• Task directions
Although the records contain pictures, none belong in the copy: restate word for word only the lines from the one with "Need For Speed: Most Wanted - iPad 3" through the one with "Silicone Microwave Popper: Teal", both included.
::: Extracted data :::
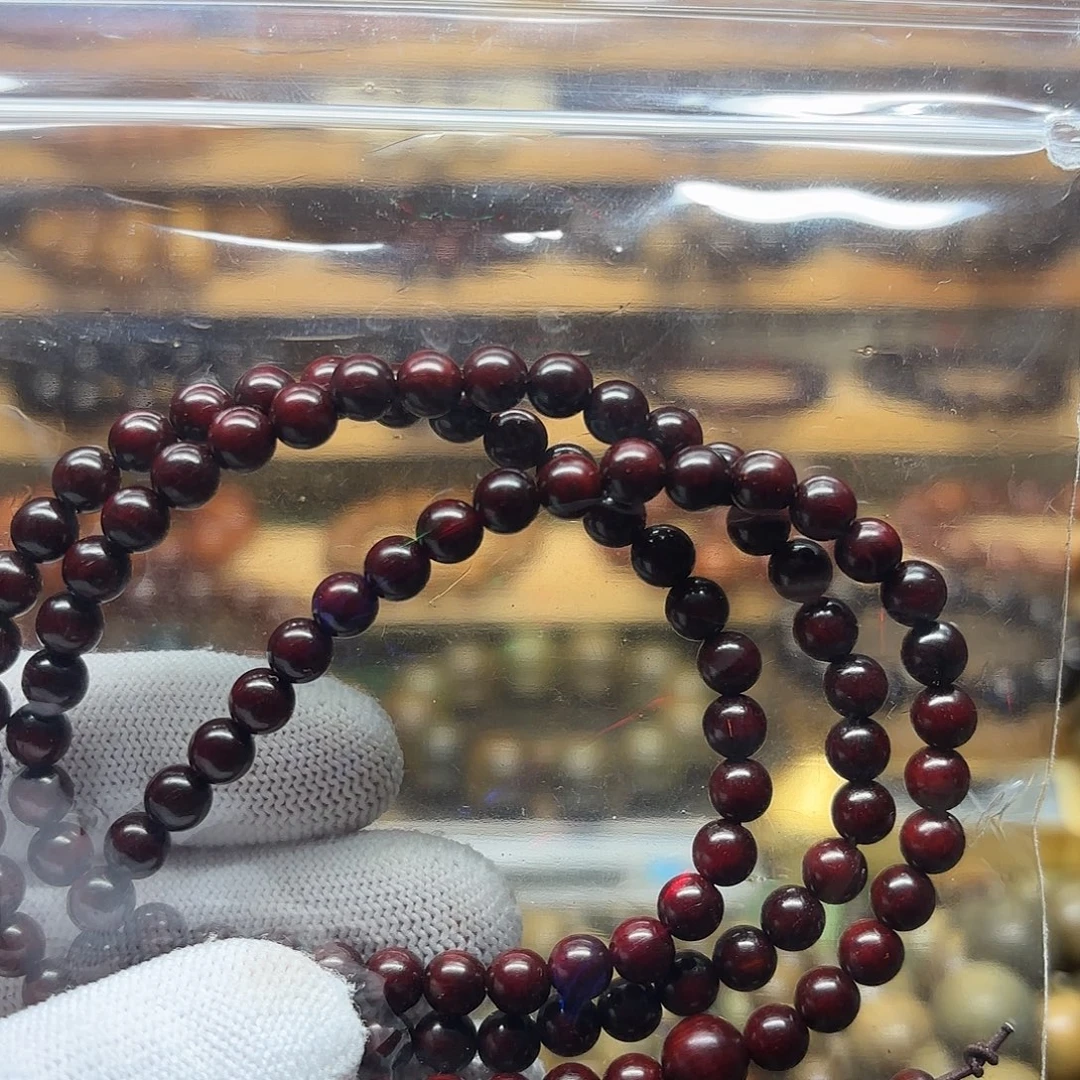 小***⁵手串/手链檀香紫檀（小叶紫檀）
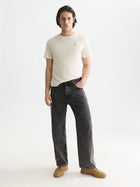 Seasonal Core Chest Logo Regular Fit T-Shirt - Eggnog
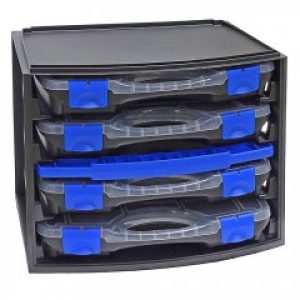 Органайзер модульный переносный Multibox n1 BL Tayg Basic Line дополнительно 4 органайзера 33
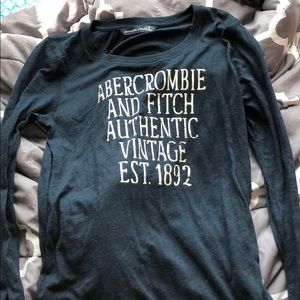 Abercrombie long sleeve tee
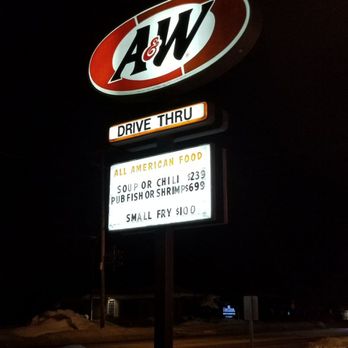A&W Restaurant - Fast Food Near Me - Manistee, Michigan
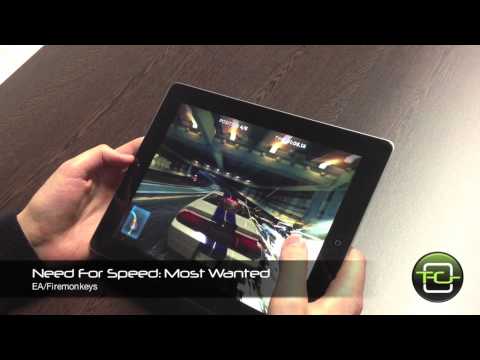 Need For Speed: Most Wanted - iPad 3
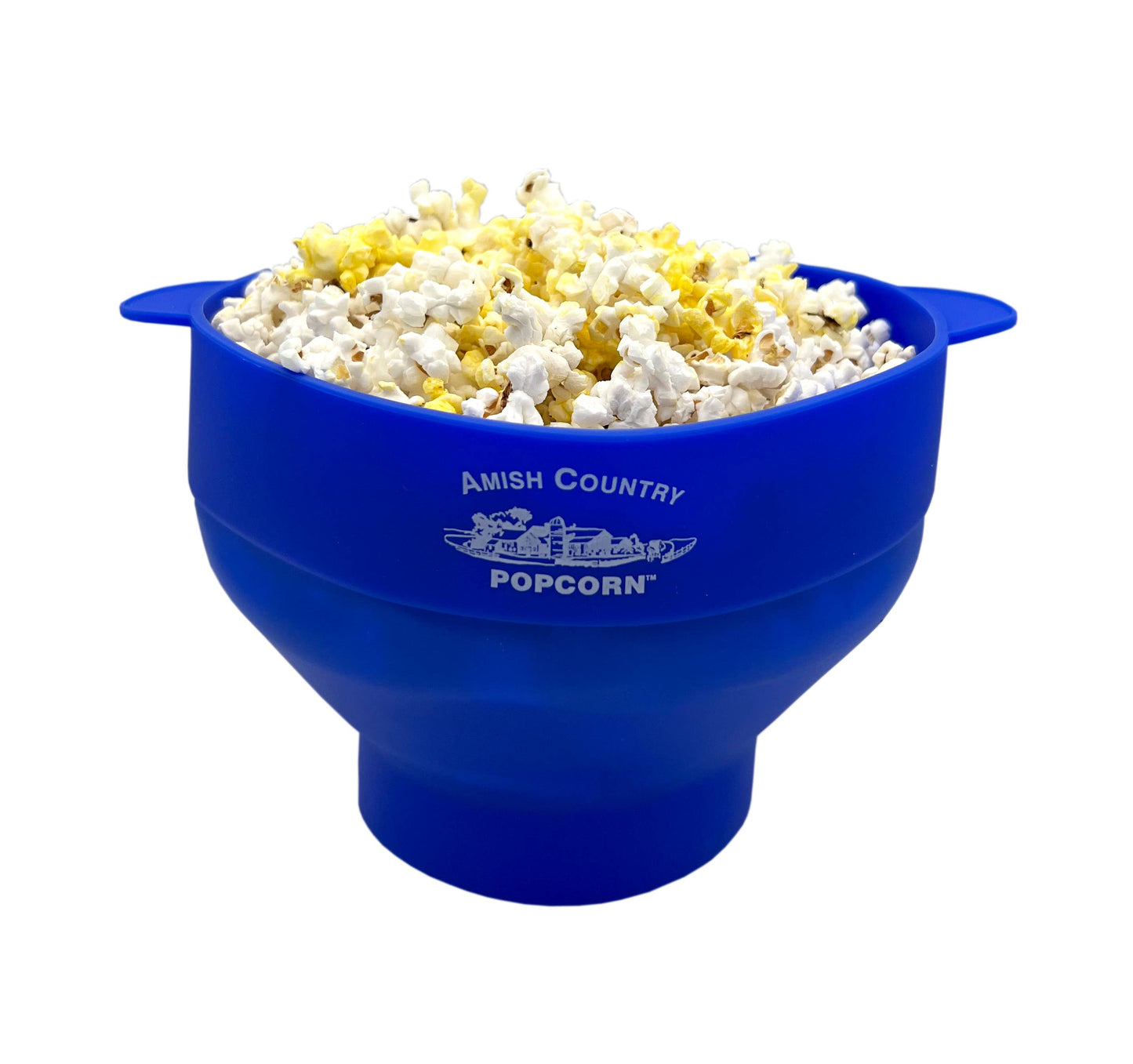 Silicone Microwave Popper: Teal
:::
::: Extracted data :::
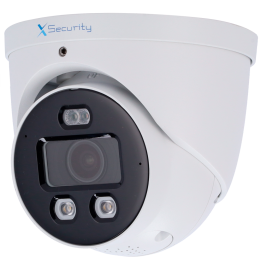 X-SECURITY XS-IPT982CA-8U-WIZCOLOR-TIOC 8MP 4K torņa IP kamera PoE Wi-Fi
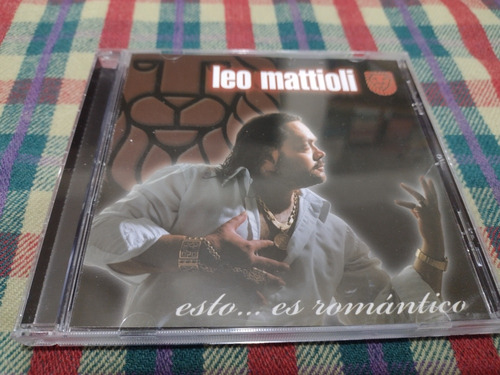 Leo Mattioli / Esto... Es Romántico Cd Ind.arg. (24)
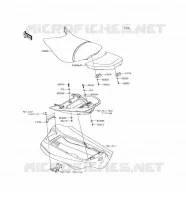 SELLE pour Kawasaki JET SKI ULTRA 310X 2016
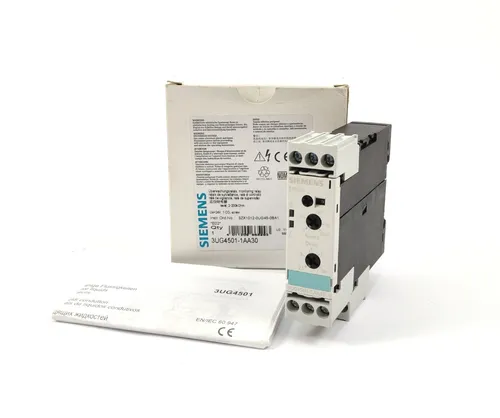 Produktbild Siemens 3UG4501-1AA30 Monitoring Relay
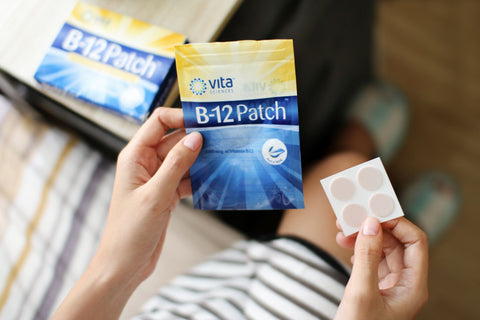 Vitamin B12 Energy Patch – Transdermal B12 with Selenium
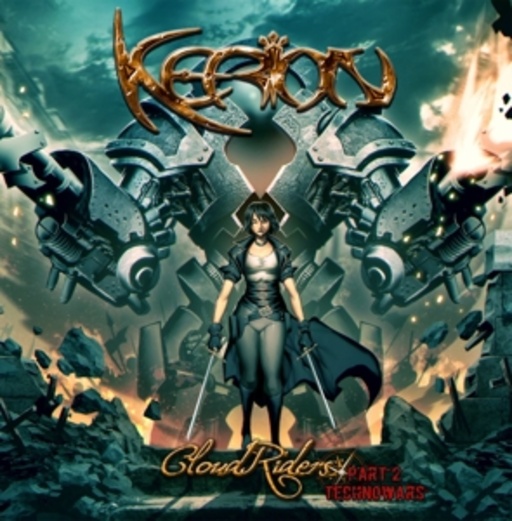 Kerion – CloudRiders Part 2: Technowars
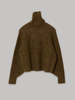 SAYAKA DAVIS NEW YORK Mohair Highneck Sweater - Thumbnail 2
:::
• Result for this task
 Need For Speed: Most Wanted - iPad 3
 Silicone Microwave Popper: Teal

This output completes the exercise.